You got any additions?
September 29, 2010 at 6:16 pm
This made me laugh! I absolutely agree with your list of songs. Well, except the one with the shoes. It's a little sappy for me. I might add "Oh, Holy Night" to your list. Gets me every time.
September 29, 2010 at 6:24 pm
http://www.youtube.com/watch?v=4LynZIqb0Hs
Man! I can't even watch the video:(
September 29, 2010 at 6:25 pm
The shoe song IS totally sappy, and it still makes me BAWL every time I hear it. But then I used to cry at the AT&T commercials on TV near the holidays…and when people won big on game shows…and so on.
Matthew, here's a link to test those missing tear ducts…"What Love Really Means" by JJ Heller. Don't know if we're supposed to do links here, so feel free to take it down if you don't want it.

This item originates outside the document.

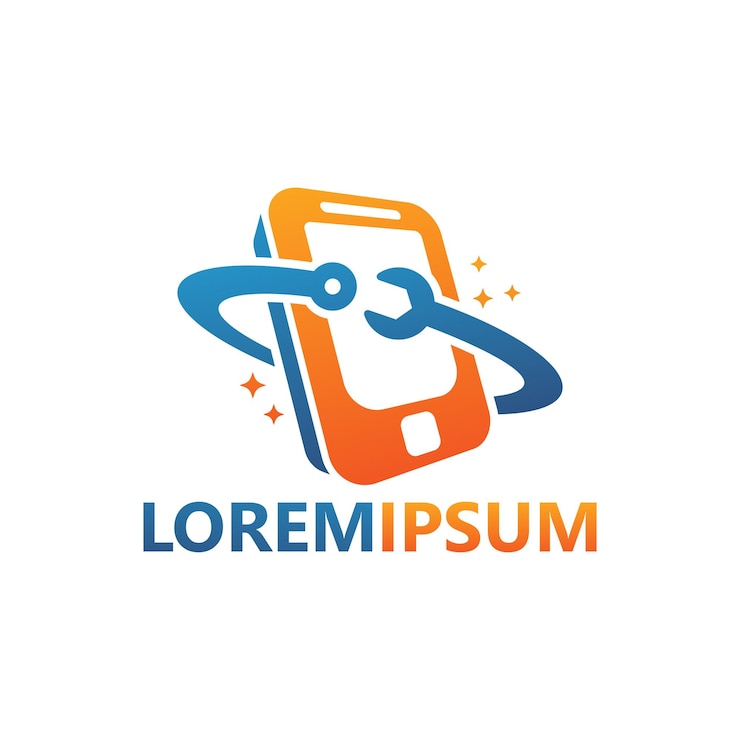 Vector desain templat logo perbaikan telepon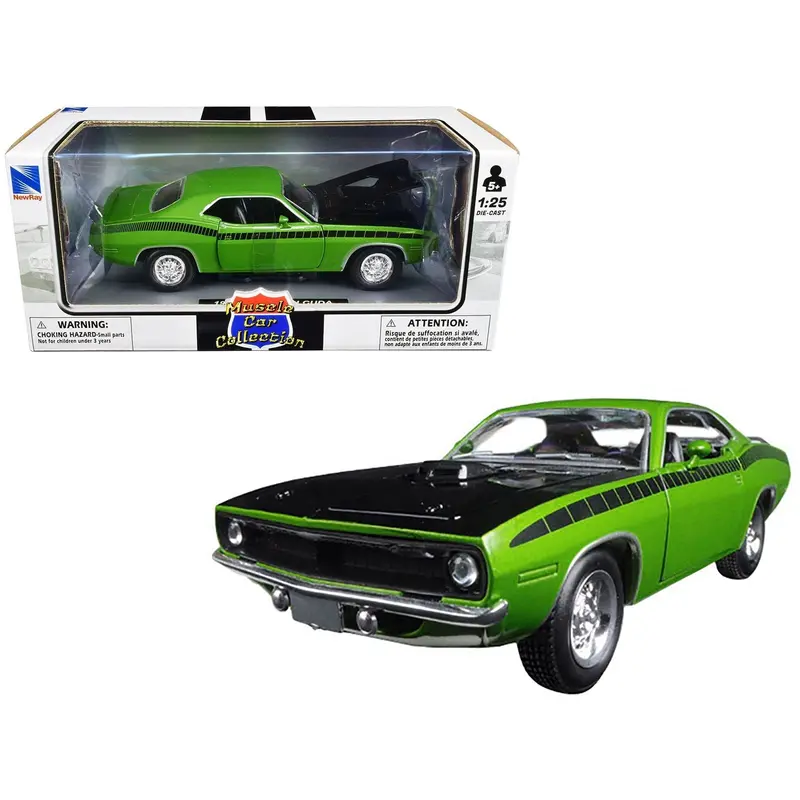 1970 Plymouth Barracuda Green With Black Hood And Stripes "Muscle Car Collection" 1/25 Diecast Model Car By New Ray 1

http://www.youtube.com/watch?v=PgGUKWiw7Wk
(I changed my profile name so as not to be confused with the other Lori that posts here a lot, as well…I would hate for someone to think one of my goofy posts was hers, as she's a bit more erudite than I)
September 29, 2010 at 6:25 pm
Update: I am forcing myself to watch the above video and my son "Fred" comes in and stands for a moment before going "wow Mom! That cake looks delcious!!!"
LOL!
September 29, 2010 at 6:30 pm
The Gregorian Chant In Paradisum, sung as the corpse is transported out of the Church.
September 29, 2010 at 6:31 pm
Maybe the song makes men cry because it's so awful… I might consider being forced to listen to that song as a form of torture banned under the Geneva Convention…
September 29, 2010 at 6:37 pm
Barber's own choral transcription of his "Adagio for Strings", "Agnus Dei".
Also, this one, if I may. ("A Voice in Rama")
Gerry
September 29, 2010 at 6:47 pm
When I posted this http://divine-ripples.blogspot.com/2009/10/vid-if-you-underaged-daughter-gets.html
at Catholic Dads, I got 3 remarks from dads who were moved to tears. So, I double dog dare any dad with a daughter to view this and say that he did not shed a tear – unless of course those glands were surgically ripped off without anesthesia.
September 29, 2010 at 6:50 pm
Wow, solid list. I also find that the shoe song makes me cry, until the later parts where it gets too sappy.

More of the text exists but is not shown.